Data classes & data frames

1 Data classes

There are different data classes we will work with in R. Definitions of them and how to determine what data type you are working with is a key foundation of R. See Table 1.

Let’s start elaborating on what we’ve already used. Use class() and str() to explore data types.

1.1 Definitions

Use class() and str() to see how x is defined in this table.

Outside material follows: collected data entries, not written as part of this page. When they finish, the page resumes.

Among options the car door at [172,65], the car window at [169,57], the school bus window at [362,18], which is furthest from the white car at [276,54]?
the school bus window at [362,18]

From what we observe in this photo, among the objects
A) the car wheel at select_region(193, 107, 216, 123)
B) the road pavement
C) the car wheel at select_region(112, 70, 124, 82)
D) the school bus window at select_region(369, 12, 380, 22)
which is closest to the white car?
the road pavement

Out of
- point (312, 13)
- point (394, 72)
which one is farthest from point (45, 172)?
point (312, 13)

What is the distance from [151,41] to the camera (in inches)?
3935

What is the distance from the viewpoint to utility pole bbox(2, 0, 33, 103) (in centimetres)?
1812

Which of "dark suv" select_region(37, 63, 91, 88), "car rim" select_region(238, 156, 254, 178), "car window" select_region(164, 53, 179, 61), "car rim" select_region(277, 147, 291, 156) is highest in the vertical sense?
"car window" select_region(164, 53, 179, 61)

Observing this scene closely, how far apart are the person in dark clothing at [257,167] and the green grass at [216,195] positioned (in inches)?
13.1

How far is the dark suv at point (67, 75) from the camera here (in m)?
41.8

Table 1: Definitions of data types in R.
Term Example Code (x) Description
Logical TRUE, FALSE x <- TRUE Two data values, also called boolean
Numeric 243, 92.1, or 3.459 x <- 3.14 Numbers, including those with decimals. Standard input for most statistical tools.
Integer 10L, 65L, or 0L x <- 314L Numbers without decimals. Needs to be specified as an integer.
Character “seven”, “hello world”, “FALSE”, ‘63.354’, “600” x <- "150" Represents a string of values as a variable. Use '' for character variables and "" for string variables.
Complex 6 + 5i x <- 6 + 8i Data type with an imaginary part, in this case i.

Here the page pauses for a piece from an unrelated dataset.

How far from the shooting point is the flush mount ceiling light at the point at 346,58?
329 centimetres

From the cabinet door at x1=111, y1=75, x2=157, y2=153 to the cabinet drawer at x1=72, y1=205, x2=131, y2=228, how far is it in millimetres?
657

The data classes above represent the core basic “data types”. Vectors are comprised of elements of different classes.

1.2 Exploring data types and vectors

Use the below examples to understand how R interprets different data classes and how they are elements within a vector.

What is “juice”?

juice <- 4 + 4
class(juice)
class(4)
class(8.3)
class(4L)

What about x?

x <- c(1, 7, 9)
class(x)

apples <- 5
oranges <- 6
fruit <- apples + oranges

How is the below vector different from above?

x <- c("1", "7", "9")
class(x)

Let’s write over x, and set it equal to types of fruit.

x <- c("banana", "grapefruit")
class(x)

Instead of a numeric value, a character is a string type. Let’s experiment with the numeric vs. character data type. Lets combine our character list of fruit with the earlier defined “apples”.

x
apples

new_x <- c(x, apples)

What happened to the data class of new_x when we combined character and numeric?

Create another vector

numeric_vector <- c(1, 10, 49, 5)
character_vector <- c("a", "b", "c", "d")

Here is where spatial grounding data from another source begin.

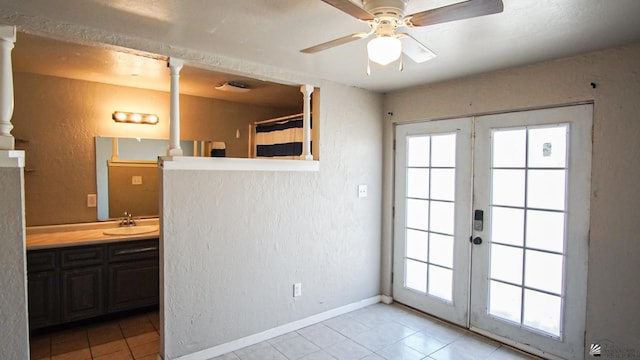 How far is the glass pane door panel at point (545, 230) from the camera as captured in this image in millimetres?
2785

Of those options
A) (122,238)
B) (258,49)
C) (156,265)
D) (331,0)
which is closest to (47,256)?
(122,238)

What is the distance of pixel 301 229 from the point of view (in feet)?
11.3

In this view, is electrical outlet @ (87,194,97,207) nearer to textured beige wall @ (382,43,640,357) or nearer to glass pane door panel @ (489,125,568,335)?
glass pane door panel @ (489,125,568,335)

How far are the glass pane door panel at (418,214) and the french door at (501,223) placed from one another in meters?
0.01

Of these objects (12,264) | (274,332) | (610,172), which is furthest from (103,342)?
(610,172)

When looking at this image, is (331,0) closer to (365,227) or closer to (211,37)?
(211,37)

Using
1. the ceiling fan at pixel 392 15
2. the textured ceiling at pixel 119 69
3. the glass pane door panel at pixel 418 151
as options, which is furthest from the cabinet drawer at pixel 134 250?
the ceiling fan at pixel 392 15

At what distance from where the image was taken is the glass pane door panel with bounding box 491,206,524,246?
3.01m

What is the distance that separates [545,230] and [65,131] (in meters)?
4.56

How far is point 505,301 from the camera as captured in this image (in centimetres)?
310

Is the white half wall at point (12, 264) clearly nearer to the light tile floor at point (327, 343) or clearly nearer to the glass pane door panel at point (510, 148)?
the light tile floor at point (327, 343)

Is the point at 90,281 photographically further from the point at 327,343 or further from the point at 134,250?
the point at 327,343

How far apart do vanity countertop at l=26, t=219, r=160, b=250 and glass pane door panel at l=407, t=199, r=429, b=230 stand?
2.68m

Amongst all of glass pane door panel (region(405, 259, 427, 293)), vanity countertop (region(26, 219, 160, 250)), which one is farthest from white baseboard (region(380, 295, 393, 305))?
vanity countertop (region(26, 219, 160, 250))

names(numeric_vector) <- character_vector

What does names() do above?

numeric_vector

# Isolate a numeric within the vector
q <- numeric_vector[4]

# Modify elements within a vector
q + numeric_vector

# Evaluate vector based on value
ans <- q > numeric_vector
ans

2 Lists

A list can be a list of anything. But everything in the list does NOT need to be the same data type (in contrast to the vector, above). Because lists can include different data types and data sets, they can be used to store information, like a dictionary.

list_example <- list(2^4, "cabbage", TRUE, 1+5i)
list_example_2 <- list(2E2, "lettuce", VALUES = 1:25, VALUES_BINARY = FALSE)
list_example_2$VALUES

typeof(list_example_2$VALUES)

typeof(list_example_2$VALUES_BINARY)

3 Matrices

When do you use one over the other? It depends on what kind of data you’re working with. If you’re working with different types of information in the same table, you likely need a data frame. But if you’re working with a single data type, a matrix may be better for you. Additionally, matrices are more efficient with respect to memory. Therefore, a lot of statistical tools/methods require a matrix as input.

Create a matrix.

matrix(1:9, byrow = FALSE, nrow = 3)
     [,1] [,2] [,3]
[1,]    1    4    7
[2,]    2    5    8
[3,]    3    6    9
q <- c(460, 314)
r <- c(290, 247)
w <- c(309, 165)

c(q, r, w)
[1] 460 314 290 247 309 165
mydataset <- matrix(c(q, r, w), byrow = TRUE, nrow = 3)
mydataset
     [,1] [,2]
[1,]  460  314
[2,]  290  247
[3,]  309  165
region <- c("one", "two")
category <- c("A","B","C")

rownames(mydataset) <- category
colnames(mydataset) <- region
rowSums(mydataset)
  A   B   C 
774 537 474 
totals <- rowSums(mydataset)

cbind(mydataset,totals)
  one two totals
A 460 314    774
B 290 247    537
C 309 165    474

4 Data frames

Create a data frame and explore the structure. Data frames are the most common way to view datasets that you eventually want to modify and/or make plots from. They can also include different types of data.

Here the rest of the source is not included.